Today I’d like to write about my other English homework — I will comment on this following quote from the novel “The adventures of Tom Sawyer” (1876) by famous novel writer Mark Twain:
“Huck didn’t have to wash or dress in clean clothes, and he was good at swearing, too. In short, this ragamuffin had everything that makes life worth living.”
So, me and my groupmates as well as our English teatcher Anna Vladimirova have already discussed this quote in class (even twice). Who hasn’t heard about Tom Sawyer and his fellow Huckleberry Finn — an uneducated, superstitious boy, the son of the town drunkard? If you’ve ever read this book (no matter in what language) you definitely know that Huck is a shrewd judge of character. By that I mean that he has a sunny disposition and a well-developed, if naively natural, sense of morality. But let’s take a look at this character not as an idol of freedom for young unsophisticated children but as an idol of natural intelligence for adult readers. Let’s dig deeper in his essence, because we’ve already discussed why Huck is attractive for children up and down. For this purpose, we should add the image of Huckleberry Finn in his own book — “The adventures of Huckleberry Finn” (Mark Twain, 1884) to Huck’s description that we had in the book about Tom Sawyer. The book of 1884 is noted for its colorful description of people and places along the Mississippi river. Set in a Southern antebellum society that had ceased to exist over 20 years before the work was published, Adventures of Huckleberry Finn is an often scathing satire on entrenched attitudes, particularly racism. This book is more serious that “The adventures of Tom Sawyer” for children (though that book also has some philosophical thoughts for adults).

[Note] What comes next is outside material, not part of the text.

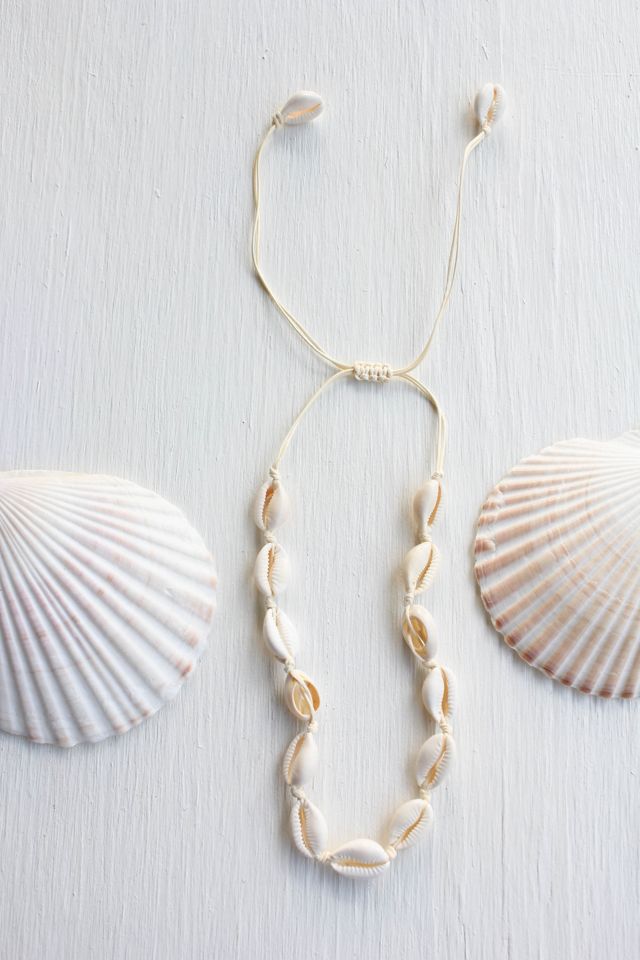 1990s Cowrie Shell Beaded Choker Selected By Moons + Junes Vintage #1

From the beginning of the novel, Twain makes it clear that Huck is a boy who comes from the lowest levels of white society. His father is a drunk and a ruffian who disappears for months on end. Huck himself is dirty and frequently homeless. Although the Widow Douglas attempts to “reform” Huck, he resists her attempts and maintains his independent ways. The community has failed to protect him from his father, and though the Widow finally gives Huck some of the schooling and religious training that he had missed, he has not been indoctrinated with social values in the same way a middle-class boy like Tom Sawyer has been. Huck’s distance from mainstream society makes him skeptical of the world around him and the ideas it passes on to him.

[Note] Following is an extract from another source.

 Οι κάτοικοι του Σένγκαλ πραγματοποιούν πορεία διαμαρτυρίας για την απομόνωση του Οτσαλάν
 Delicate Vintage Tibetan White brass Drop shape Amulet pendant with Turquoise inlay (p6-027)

Huck’s instinctual distrust and his experiences as he travels down the river force him to question the things society has taught him. According to the law, Jim is Miss Watson’s property, but according to Huck’s sense of logic and fairness, it seems “right” to help Jim. Huck’s natural intelligence and his willingness to think through a situation on its own merits lead him to some conclusions that are correct in their context but that would shock white society. For example, Huck discovers, when he and Jim meet a group of slave-hunters, that telling a lie is sometimes the right course of action.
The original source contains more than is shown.